Das heutige Evangelium markiert den Abschluss der Zeit der Erwartung. Zacharias hat die Monate seines Schweigens nicht als Strafe verstanden, sondern als eine kostbare Gelegenheit, sich vorzubereiten auf das, was sein Sohn Johannes verkünden würde. Es war für ihn eine Zeit der Gnade, ähnlich wie der Advent eine Zeit der Vorbereitung ist. Vielleicht haben auch wir diese Tage unterschiedlich genutzt – mal besser, mal weniger gut. Doch eines ist sicher: Es ist gut, Gott zu danken, der in unserer Seele gewirkt hat – auch wenn sie uns manchmal wie ein armseliger Stall erscheint.
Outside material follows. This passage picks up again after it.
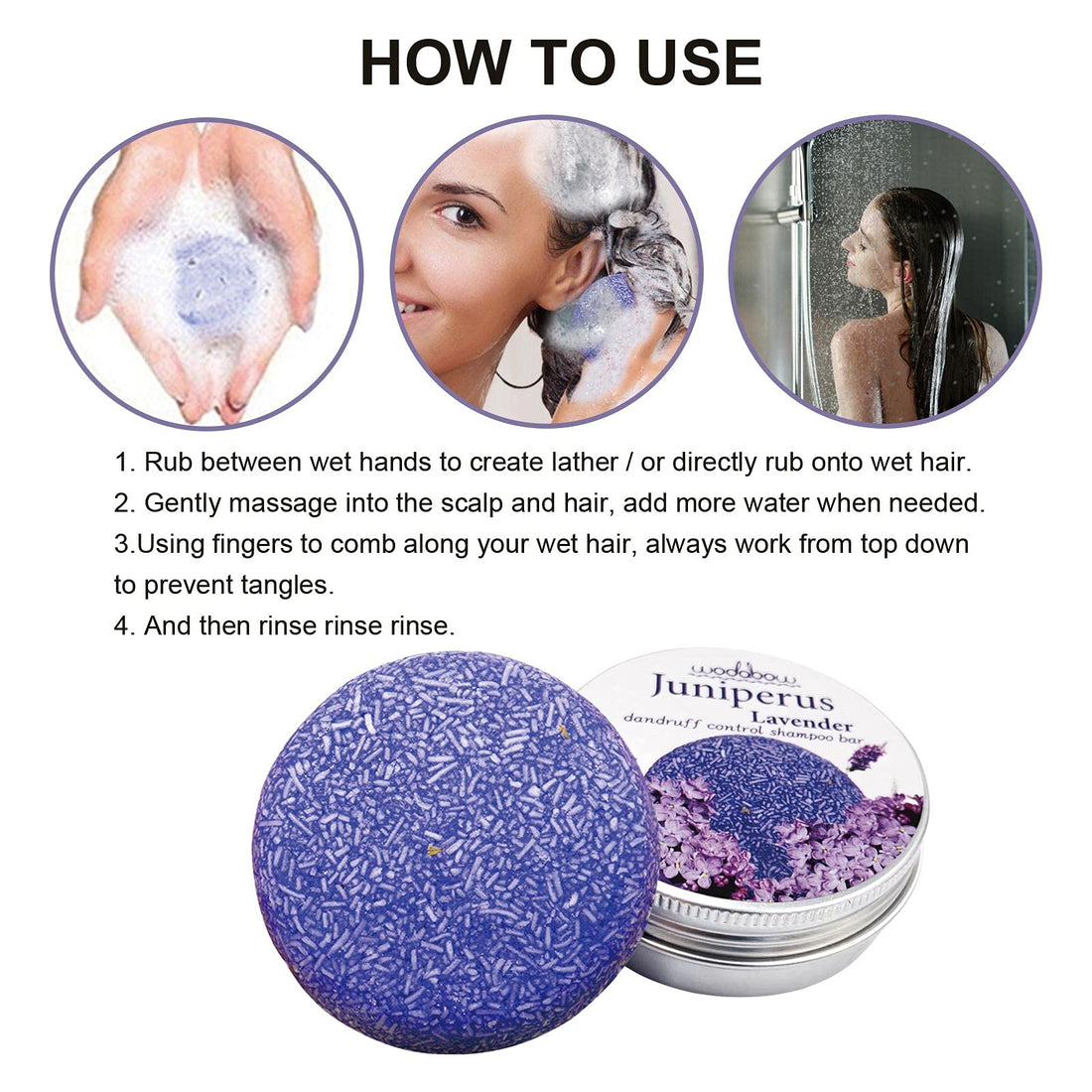 Hand-made Solid shampoo soap bar suitable for all hair types (Lavender)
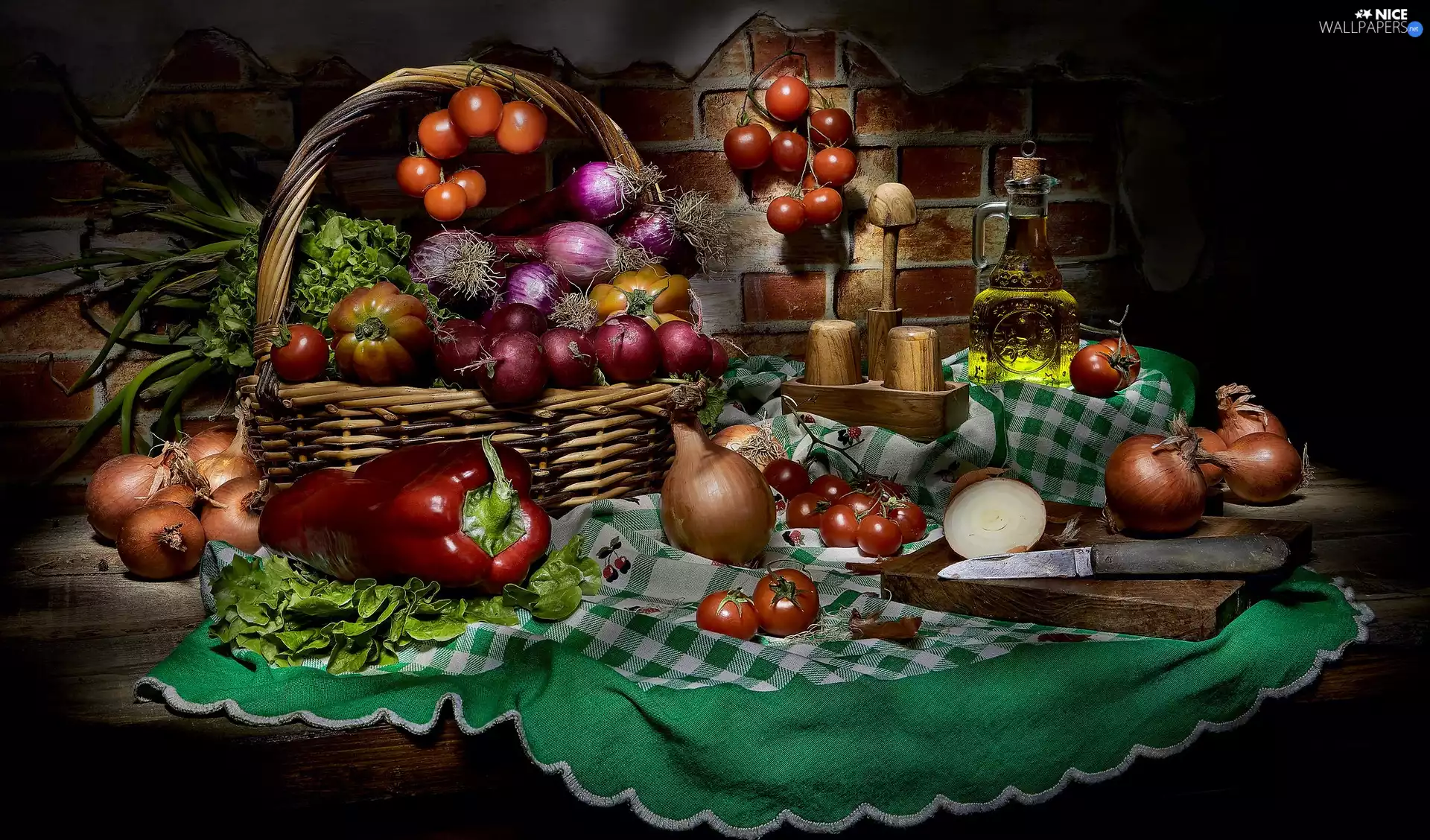 tablecloth, tomatoes, basket, vegetables, lettuce, oil, knife, spice, salt, Beetroot, onion, pepper, pepper, composition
Denn Gott hat in unseren Herzen einen Platz für seinen Sohn bereitet.

Einer alten Legende nach eilten die Hirten zur Grotte, nachdem Jesus geboren war, jeder mit einem Geschenk. Einige brachten die Früchte ihrer Arbeit, andere etwas Wertvolles. Während sich alle an Großzügigkeit übertrafen, stand ein Hirte etwas abseits. Er war so arm, dass er nichts hatte, was er geben konnte, und schämte sich. Während Maria und Josef Mühe hatten, die vielen Geschenke entgegenzunehmen – vor allem Maria, die das Kind halten musste –, sah Maria den Hirten mit leeren Händen dastehen. Sie bat ihn, näher zu kommen und legte Jesus in seine Arme. Der Hirte, der glaubte, nichts zu haben, hielt plötzlich das größte Geschenk der Geschichte in seinen Händen. Überwältigt betrachtete er seine Hände, die ihm immer leer erschienen: Sie waren zur Wiege Gottes geworden. Seine Scham wich einer tiefen Freude. Er fühlte sich geliebt, und begann, die Gabe, die zu groß war, um sie für sich selbst zu behalten, den anderen zu zeigen.1 


WENN DIR DEINE Hände leer erscheinen, wenn du dein Herz arm an Liebe siehst, so ist dies deine Nacht. Die Gnade Gottes ist erschienen, um in deinem Leben aufzuleuchten. Nimm sie an, und das Licht der Weihnacht wird in dir erstrahlen.“2 Tief in unserem Inneren wissen wir, dass unsere Hände nicht leer sind. Denn der heilige Josefmaria ermutigte uns, etwas sehr Kostbares mit nach Bethlehem zu bringen: „In dieser Kälte, mit seiner Mutter und dem heiligen Josef, ist das, was Jesus sich wünscht, was ihm Wärme spendet, unser Herz.3

Vielleicht wären wir ruhiger, wenn wir mit Händen voller guter Werke, Heiligkeit und Liebe zu unseren Mitmenschen vor die Krippe treten könnten. Doch die Realität bleibt oft hinter unseren Idealen zurück. Unser Alltag, geprägt von Verpflichtungen und Aufgaben, lässt uns die Zeit und den Blick für das Wesentliche manchmal verlieren. Doch das ist nicht entscheidend. Gerade so, wie wir sind, dürfen wir uns dem Stall nähern. Dort werden wir spüren, dass wir erwartet sind. Die Jungfrau Maria und der heilige Josef freuen sich unendlich, uns in diesem Moment unserer Geschichte zu empfangen, mit all unseren Unvollkommenheiten und Hoffnungen.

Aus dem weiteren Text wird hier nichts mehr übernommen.